Naquela noite, não saí. Comi o que comprei na rua na área de uso comum do albergue, mas não vi nenhum outro hóspede planejando algo para fazer na rua, senão até teria ido junto. Tirei o tempo de sobra para pôr ordem nas minhas coisas na internet (e-mail, orkut, etc.), aproveitando a conexão de graça - coisa que fazia tempo que eu não fazia.

Tomei um merecido banho e caí na cama, sem a intenção de levantar muito cedo, até porque minha ida para a Itália estava marcada para as 11h30.

Mesmo sem ter colocado alarme, acordei relativamente cedo. Tomei um café e deixei as coisas arrumadas, para dar mais uma volta pela cidade e depois só voltar para fazer o check out.

Estava tudo meio nublado e com neblina pela manhã, ao contrário do belo sol do dia anterior.

Pela manhã, pude sentir um pouco melhor como é a cidade. Tem muito mais jovens na rua do que velhos, aparentando ser uma cidade universitária. Talvez daí venha a fama que a cidade adquiriu nos últimos tempos de ser um lugar bom para fazer festa (embora eu não tenha visto nada na noite de quarta, no início de outubro, em que fiquei lá).

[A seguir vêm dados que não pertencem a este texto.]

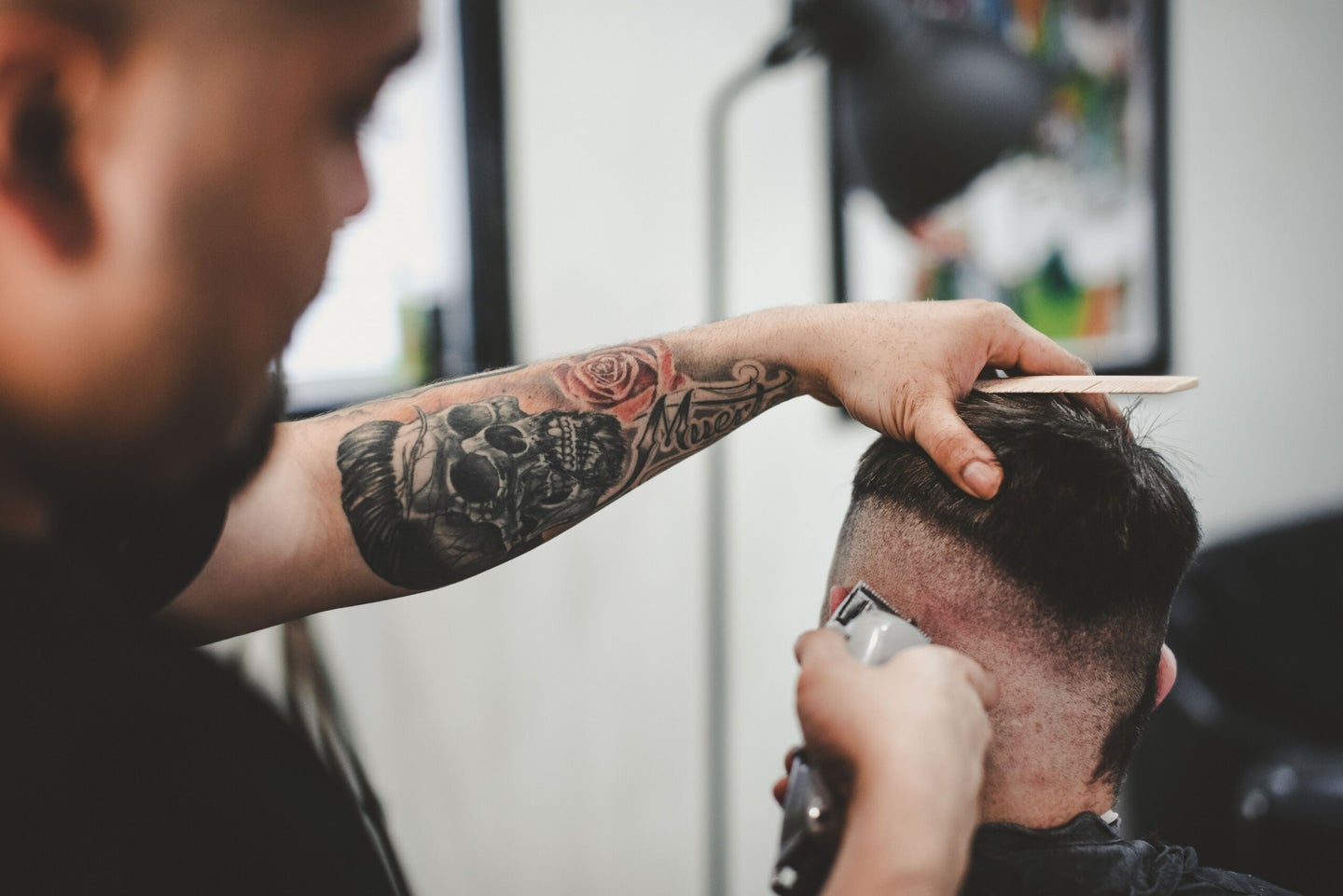 man with tattooed arms using clippers to cut another man's hair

Caminhei em direção ao Park Tivoli, no oeste da cidade, mas as distâncias se mostraram maiores do que pareciam no mapa, por isso comecei a voltar em direção ao centro. Dei mais umas voltas por lá e, como já eram 10hs da manhã, decidi pegar minhas coisas no albergue.

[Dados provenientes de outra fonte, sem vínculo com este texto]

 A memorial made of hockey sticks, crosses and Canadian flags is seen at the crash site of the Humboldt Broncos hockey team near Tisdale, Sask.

Com a mochila, foi só caminhar os 15 minutos até a estação e esperar o trem. Para evitar lanchinhos caros, improvisei um almoço numa lancheria do outro lado da avenida em frente à estação que parecia um Burger King falsificado, mas consegui comer comida de verdade.

11/06/2008

Ljubljana III

Meu dia de passeio pela cidade terminou ao longo do Rio Ljubljanica, que corta todo o centro da cidade dividindo a cidade em duas partes quase iguais. O rio, as pontezinhas e os tipos de prédio que existem ao longo dele tornam a cidade bastante simpática e até romântica.

O ponto mais central da cidade é Praça de Preseren, que fica ao lado das "Três Pontes".
As três pontes, na verdade, são duas para carros e pessoas e uma só para pedestres que ligam a praça e a ópera ao outro lado. Não têm mais do que uns 30 metros de comprimento, mas são branquinhas e cheias de detalhes. A imagem abaixo, em que aparece a Igreja Francisca na Anunciação, a Ópera e as Três Pontes, é considerada o cartão-postal da cidade.
Como em qualquer outra cidade européia, a praça é o foco de artistas, vendedores, turistas e manifestações políticas. De qualquer ponto que se olhe para cima, inclusive dali, tem-se a vista do castelo lá em cima.
Algumas quadras mais adiante, em direção à estação de trem, ficam alguns prédios famosos na cidade, por terem sido feito pelo arquiteto Joze Plecnik, que parece ser a grande celebridade nacional, de tantas referências que há sobre ele em tudo. É como se fosse o Gaudí esloveno, mas bem mais conservador. Muitos passeios e guias trazem roteiros para estudantes de arquitetura conhecerem as obras dele pela cidade, como a que aparece abaixo.